Rohr was an early contributor to the State of Israel and donated to many Jewish causes throughout his lifetime. He drew close to the work of Chabad-Lubavitch in the 1970s. In the ensuing decades his philanthropy and guidance seeded and helped support Jewish revival activities in more than a thousand communities across the globe, from Harvard University to Moscow, and from Mumbai to Basel, the Swiss city to where he escaped the Nazi onslaught of World War II.

So pervasive and widespread is his family’s giving, that few areas of Jewish renaissance today do not boast at least some aspect of Rohr charitable support behind them.

Comfortable in the cultural halls of Eastern and Western Europe, Latin America and the United States, Rohr cut a giant intellectual figure. He was proficient in Torah learning as he was in business and literature, able to recite by heart rabbinic exegeses along with poetry in six languages. Yet, despite his extraordinary accomplishments, he remained humble and unassuming, and was regarded by rich and poor alike as approachable and respectful.

As brilliant as were his business investments, his charitable strategy equally inspired. Hundreds of institutions across the globe ascribe much of their success not only to the Rohr family’s direct dispersions, but also to his wise counsel and strategic challenge grants.

His personal schedule remained full till the very end, sleeping little and squeezing as much time as he could out of each day. Grantee organization leaders tell stories about voicemail messages from Sami Rohr left at 2 a.m. in their offices asking questions about some obscure statistic or anecdote relayed in a proposal or report.

Yet, despite his rigor and high standards, Rohr was careful never to hurt the feelings of others and, instead, took care to uplift his conversants. In those instances where he couldn’t give people all of what they wanted, he always made sure they left his office happy, infusing them with the same optimism by which he lived his own life.

He regularly deflected expressions of gratitude from his beneficiaries, saying that the thanks go to them for their dedication to the Jewish people and for allowing him the merit to partner with them.

Rohr shunned the public limelight, preferring to live a quiet life. Outside of those who absolutely needed to, no one else knew much about his family’s philanthropy almost his entire life. Indeed, the true scope of his charity is still not fully known and perhaps may never be.

“When the history of Judaism in the 20th and 21st centuries will be written,” said Rabbi Moshe Kotlarsky of Lubavitch World Headquarters, who spent hundreds of hours with Rohr discussing global Jewish needs. “Sami and Charlotte Rohr and their family will be recognized as pivotal forces behind a Jewish renaissance in many countries, cities and townlets throughout the world. Their unending generosity and dedication to their people have enabled countless individuals, families and communities to re-identify with their faith and strengthen their Jewish observance.”

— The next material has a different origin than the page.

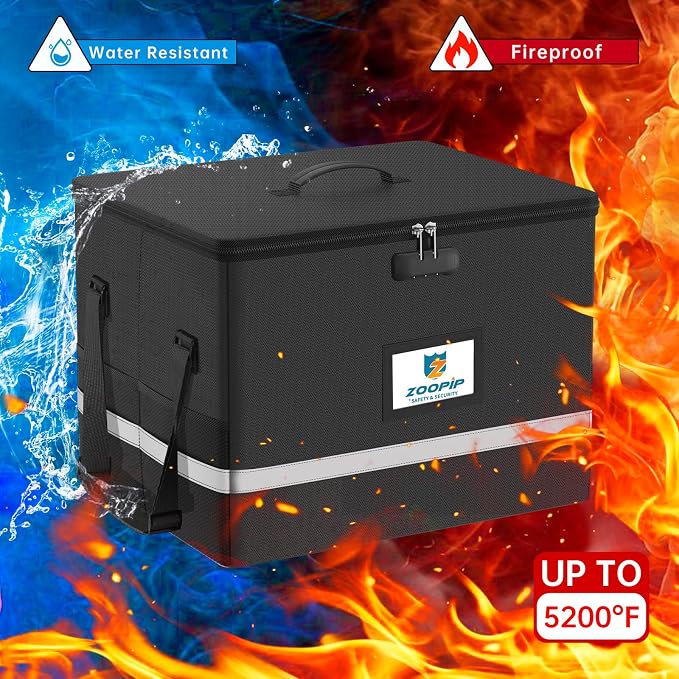 Fireproof File Box with Lock, 5200°F Document Box Storage Organizer, Suitable - Image 2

Sami Rohr is survived by daughters Evelyn Katz and Lillian Tabacinic of Bal Harbour, Fla.; son George of New York; grandchildren and great grandchildren, as well as millions of Jews across the globe whose lives he cared for and touched. His interment will take place Tuesday morning at the Har Hazeisim cemetery in Jerusalem, next to his wife Charlotte. The family will return to Miami for shivah.